» **WORK REQUIRED**
Return, with both end lines included, exactly what the data below holds from the line with "Первый заказ расходников" through the line with "十天干——戊土 - 知乎", though not the pictures.

» **SOURCE INFORMATION**
┄┄┄┄┄┄┄┄┄┄┄┄┄┄┄┄┄┄┄┄

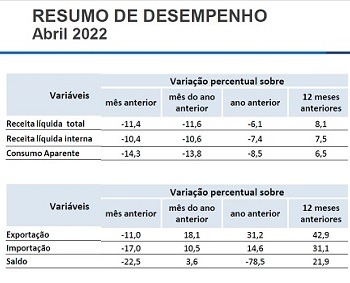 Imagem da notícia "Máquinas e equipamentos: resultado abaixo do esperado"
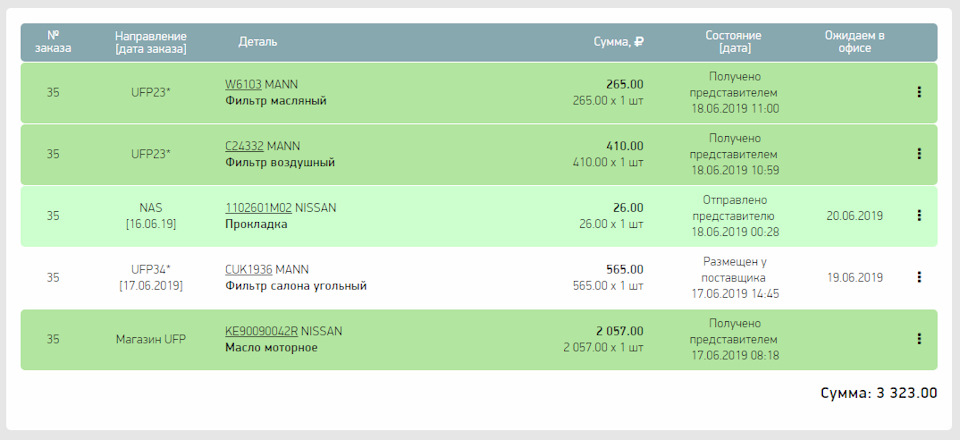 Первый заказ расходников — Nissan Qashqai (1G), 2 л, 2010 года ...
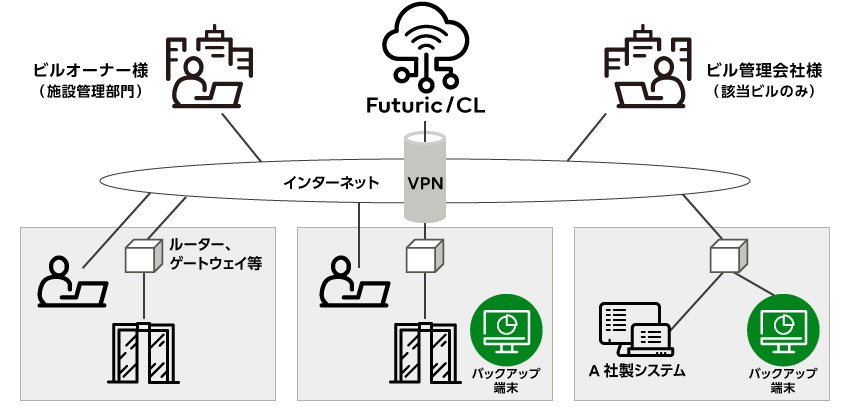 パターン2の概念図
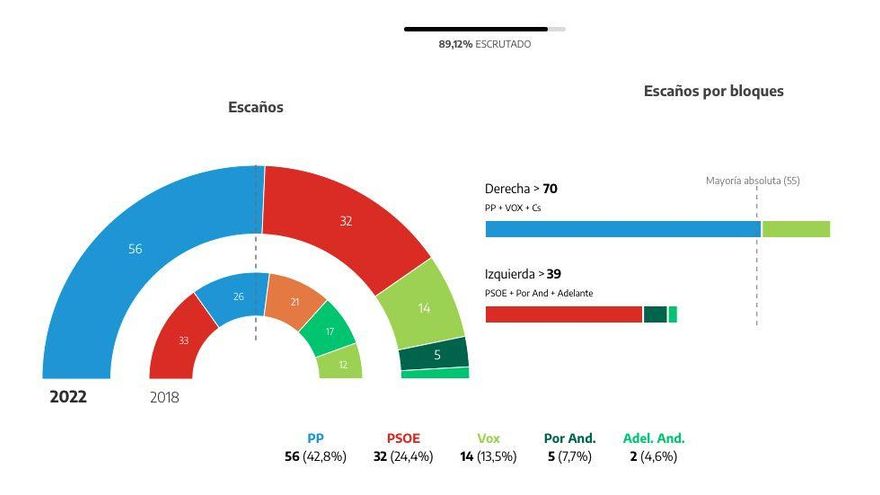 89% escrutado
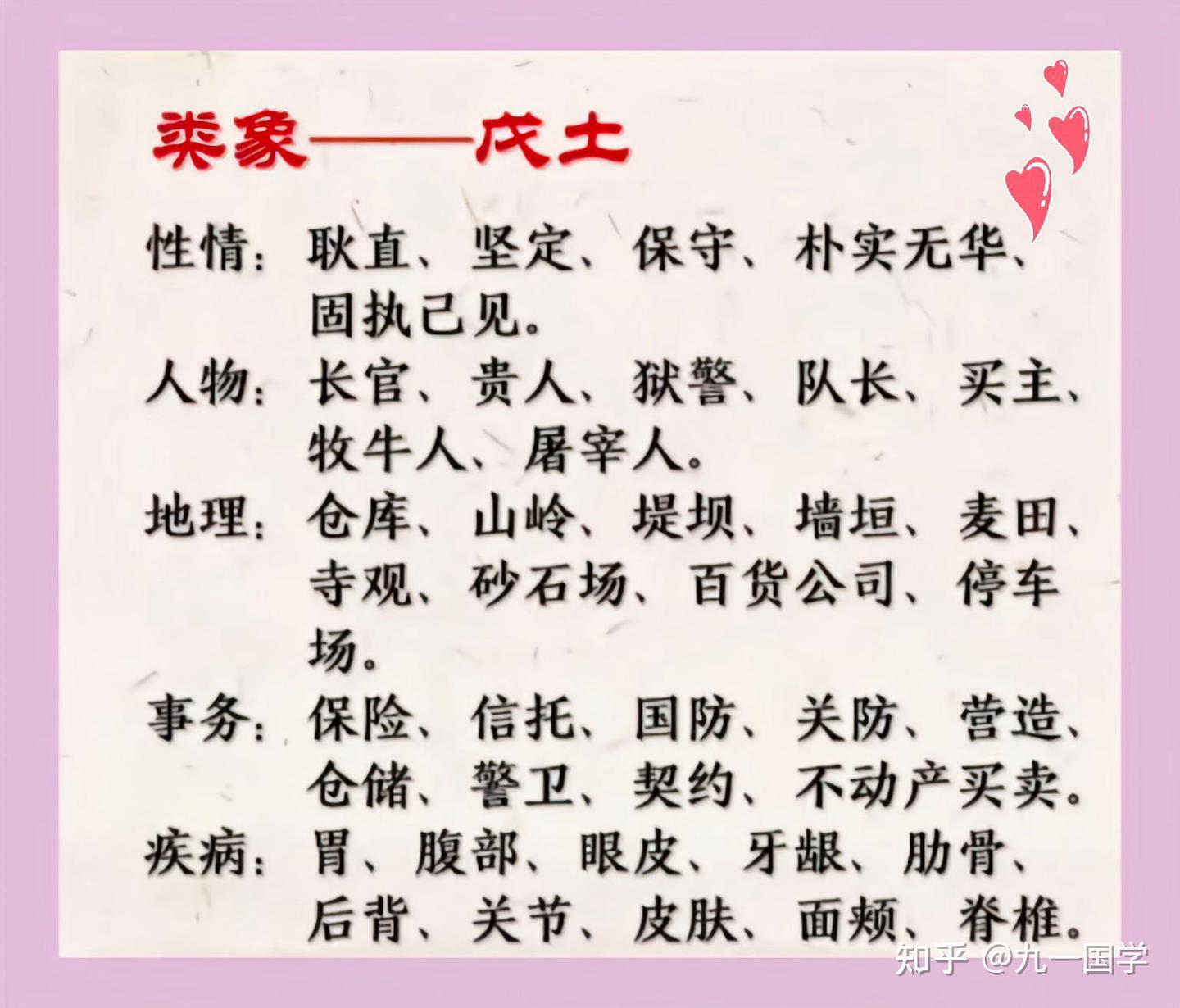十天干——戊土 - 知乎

┄┄┄┄┄┄┄┄┄┄┄┄┄┄┄┄┄┄┄┄

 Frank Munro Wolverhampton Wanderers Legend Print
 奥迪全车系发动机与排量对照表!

┄┄┄┄┄┄┄┄┄┄┄┄┄┄┄┄┄┄┄┄

» **RESPONSE AREA**
 Первый заказ расходников — Nissan Qashqai (1G), 2 л, 2010 года ...
 パターン2の概念図
 89% escrutado
十天干——戊土 - 知乎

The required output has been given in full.